Our architecture consisted of a single 1D convolutional layer with two kernels of size 3, followed by a 1D max pooling layer. This was then followed by a dense layer and a flattening operation, which reduced dimensionality so that the subsequent dense layers could process the data for classification.

Results from neural network analysis

The plot above illustrates the results for the five-class classification task. The Y-axis represents the accuracy of our approaches, while the X-axis represents different combinations of dimensionality reduction techniques and model architectures.

Additionally, two baseline accuracy levels are indicated:

  • The brown line represents a random baseline.

  • The green line represents the baseline set by XGBoost at 0.56 accuracy.

The red markers indicate test accuracy, while the black whiskers represent the cross-validation mean accuracy along with its standard deviation.

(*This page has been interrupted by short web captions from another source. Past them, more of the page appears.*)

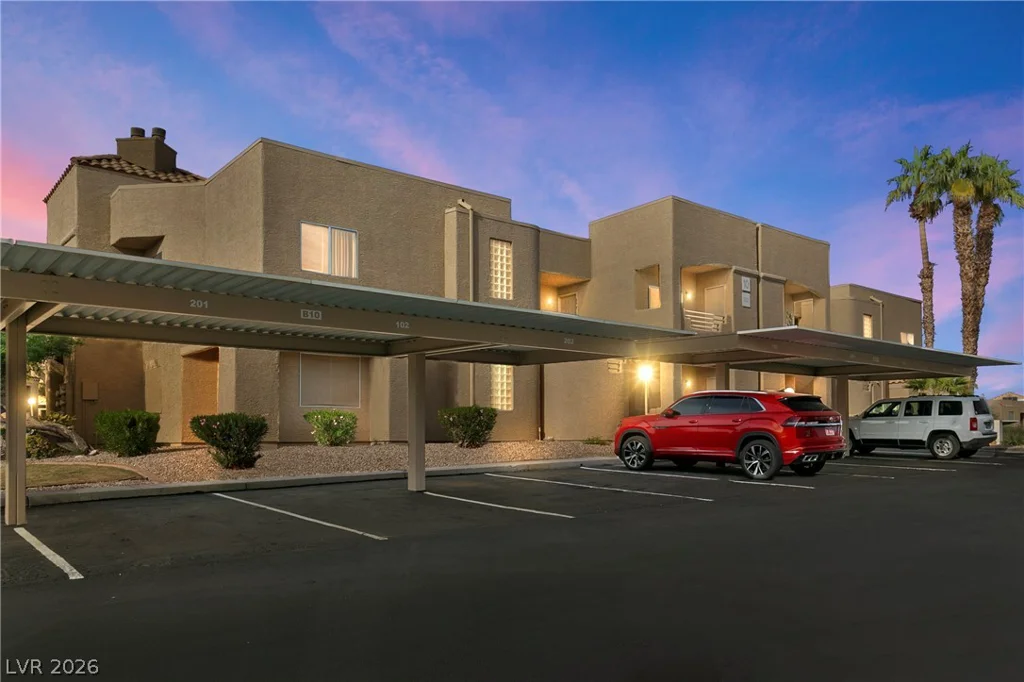 2232 Aspen Mirror, Laughlin, NV 89029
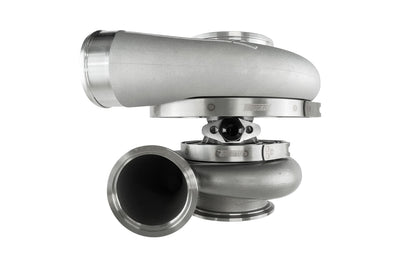Turbosmart TS-1 Turbocharger 7675 V-Band 0.96AR Externally Wastegated
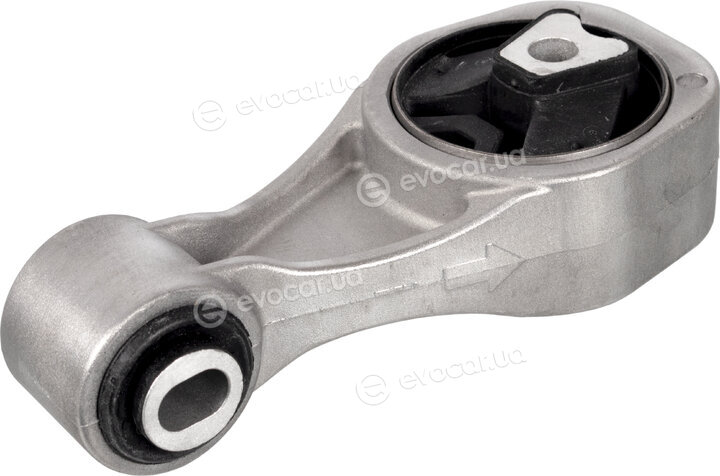 Blue Print ADBP800110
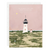 Lighthouse Love Greeting Card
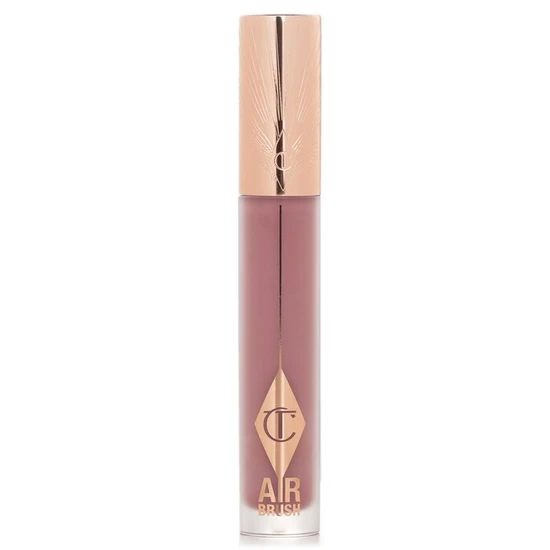 Charlotte Tilbury Airbrush Flawless Lip Blur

First thing we can note is better performace for FNN which exceeded baseline setup by XGBoost with the best results belonging to embedding – FNN (0.84 acc), second thing is much worse performance for CNN with the worse results beeing plain CNN (without dimensionality reduction technique)

The plot above presents the results for the three-class classification task. All approaches outperformed the XGBoost baseline, which achieved 0.65 accuracy.

Similar performance patterns to the five-class classification can be observed:

  • FNN-based approaches performed slightly better than CNN-based approaches.

  • Both plain FNN and embedding-FNN achieved a satisfying accuracy above 0.8.

For the two-class classification task, the baseline accuracy was 0.84. None of the tested approaches managed to exceed this benchmark. However, FNN-based approaches matched the baseline performance, while CNN-based approaches performed slightly worse. Once again, the plain CNN was the worst-performing model.

Conclusions

 

  • Across all classification tasks (five-class, three-class, and two-class), FNN-based models performed at least slightly better than CNN-based models. The best results were achieved using embedding-FNN, particularly in the five-class scenario.

  • Dimensionality reduction improved CNN performance but did not make it competitive with FNN, this indicates that there were some structural patterns created by those techniques however they were not enough to make a significant difference in performance.

  • FNN exceeded the XGBoost baseline in multi-class settings – In both the five-class and three-class classification tasks, FNN models surpassed the XGBoost baseline, with embedding-FNN yielding the highest accuracy.

  • No approach surpassed the two-class baseline of 0.84 – While FNN matched the baseline performance, CNN-based models failed to reach it. This might indicate that this is the maximum level of accuracy that can be achieved for this dataset due to its size.

  • Regularization and dropout helped combat overfitting – Given the small sample size and zero-inflated nature of the dataset, overfitting was a major concern. The use of dropout (removing 25% of connections) and a high weight regularization factor (0.01) likely contributed to stabilizing performance, particularly for FNN models and allowed them to achive good results for test set.